Beginning with the line that contains "Six: confluence with", retype the entries below exactly, ending with the line that contains "If that doesn't". Leave out any pictures.

____ Dataset entries

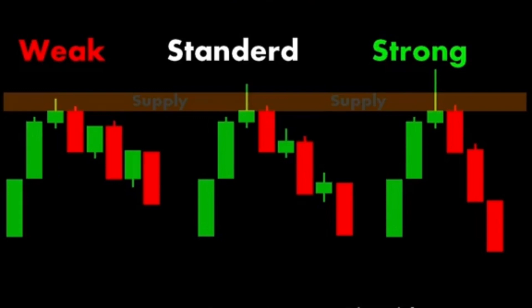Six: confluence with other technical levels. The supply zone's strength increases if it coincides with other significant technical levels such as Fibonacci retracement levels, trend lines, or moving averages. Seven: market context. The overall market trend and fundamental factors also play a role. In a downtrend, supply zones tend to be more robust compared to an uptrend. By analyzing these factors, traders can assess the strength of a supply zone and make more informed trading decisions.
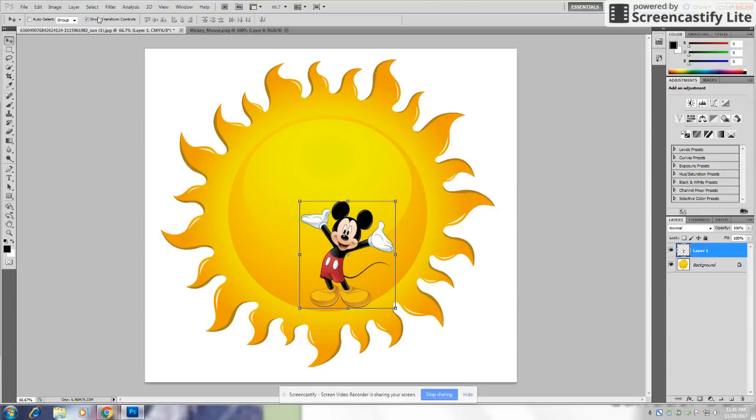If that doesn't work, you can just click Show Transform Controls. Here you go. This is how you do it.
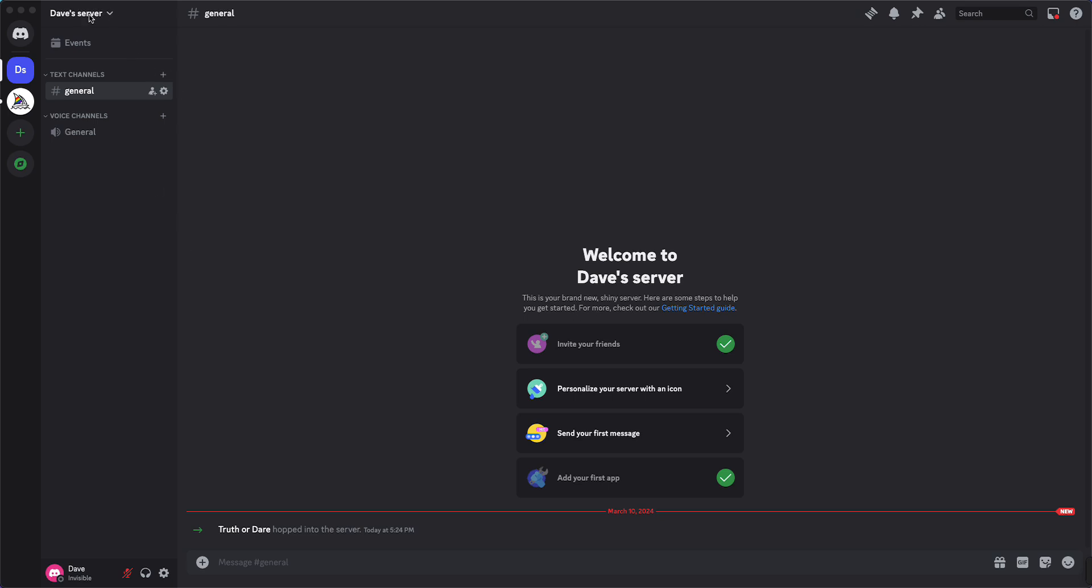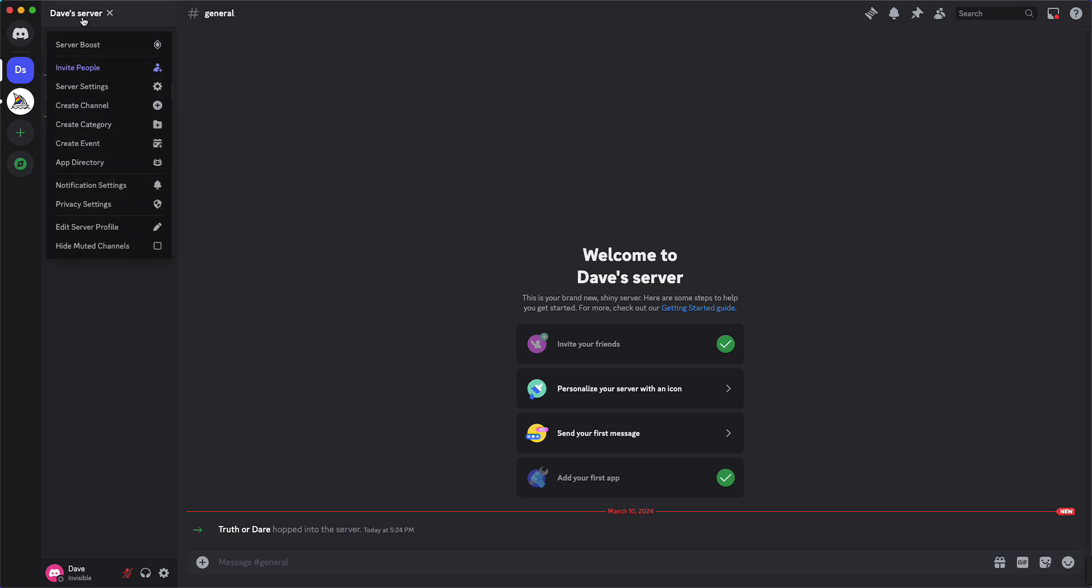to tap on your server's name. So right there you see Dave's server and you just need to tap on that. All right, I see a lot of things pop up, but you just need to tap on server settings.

________
____ Dataset entries

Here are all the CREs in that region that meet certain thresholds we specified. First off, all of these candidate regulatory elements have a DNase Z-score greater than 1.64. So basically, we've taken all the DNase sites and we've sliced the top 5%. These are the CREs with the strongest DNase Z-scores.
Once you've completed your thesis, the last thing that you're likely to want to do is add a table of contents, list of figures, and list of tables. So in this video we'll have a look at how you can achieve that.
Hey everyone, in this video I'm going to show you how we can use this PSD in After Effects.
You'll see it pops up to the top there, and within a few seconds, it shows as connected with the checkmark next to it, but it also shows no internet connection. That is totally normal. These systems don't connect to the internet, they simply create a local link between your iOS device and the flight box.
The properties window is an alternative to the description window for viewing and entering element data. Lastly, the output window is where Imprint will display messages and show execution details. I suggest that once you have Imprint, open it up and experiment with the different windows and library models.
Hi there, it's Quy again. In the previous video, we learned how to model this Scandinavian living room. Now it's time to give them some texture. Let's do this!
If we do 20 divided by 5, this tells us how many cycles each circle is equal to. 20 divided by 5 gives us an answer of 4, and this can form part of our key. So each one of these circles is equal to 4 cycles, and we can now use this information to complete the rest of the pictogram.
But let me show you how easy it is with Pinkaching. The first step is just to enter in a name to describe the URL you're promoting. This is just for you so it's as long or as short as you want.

________

--- Task response ---
Six: confluence with other technical levels. The supply zone's strength increases if it coincides with other significant technical levels such as Fibonacci retracement levels, trend lines, or moving averages. Seven: market context. The overall market trend and fundamental factors also play a role. In a downtrend, supply zones tend to be more robust compared to an uptrend. By analyzing these factors, traders can assess the strength of a supply zone and make more informed trading decisions.
If that doesn't work, you can just click Show Transform Controls. Here you go. This is how you do it.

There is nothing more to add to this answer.